The Director of National Intelligence has taken another step in asserting his role as the nation’s Security Executive Agent by creating and promulgating a new Classified Information Nondisclosure Agreement, SF312. All of the four million plus people with access to classified materials, whether in an intelligence capacity or not, will be required to sign this document. The Federation of American Scientists is presently hosting a copy on its website in PDF format.
The FAS has a blog post on the new document which notes that sections 10 and 11 are new. The two paragraphs detail the meshing of the NDA and the various whistleblower laws, executive orders and regulations. These additions are stated in the NDA as “controlling”. The various whistleblower protections, enhanced in a 2012 law titled the Whistleblower Protection Enhancement Act, still apply. NDA signers should realize that personnel working for select intelligence agencies and programs have a different process to follow than do most Federal employees.
The signing of an NDA should be preceded by “a security indoctrination concerning the nature and protection of classified information.” In addition, the briefing officer should answer any questions and make available written copies of “the Executive Order and statutes referenced in this agreement and its implementing regulation (32 CFR Part 2001 , section 2001 .80(d)(2) )” for the signee to read if they want. This is not a simple “sign here” document.

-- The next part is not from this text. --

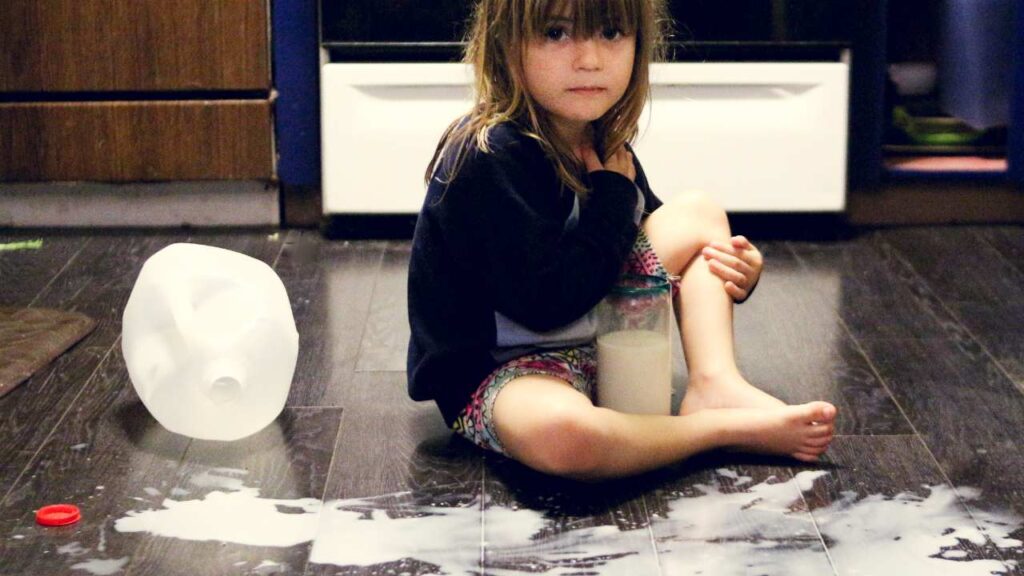 a person sitting on the floor next to a jug of milk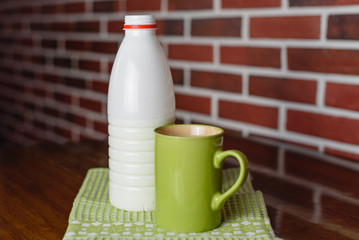 Still life a bottle of milk and a green ceramic mug, a green napkin on a wooden table, against the background of a red brick wall. Healthy foods.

Other key provisions of the NDA state that nothing in the agreement waives any right the U.S. Government has to prosecute the signee for violating the agreement. The NDA also assigns all income a signee may receive from the disclosure of classified information which has not been authorized as described in the agreement. The NDA also makes each provision of the agreement severable, meaning that if a court invalidates one provision, the remaining provisions remain in effect.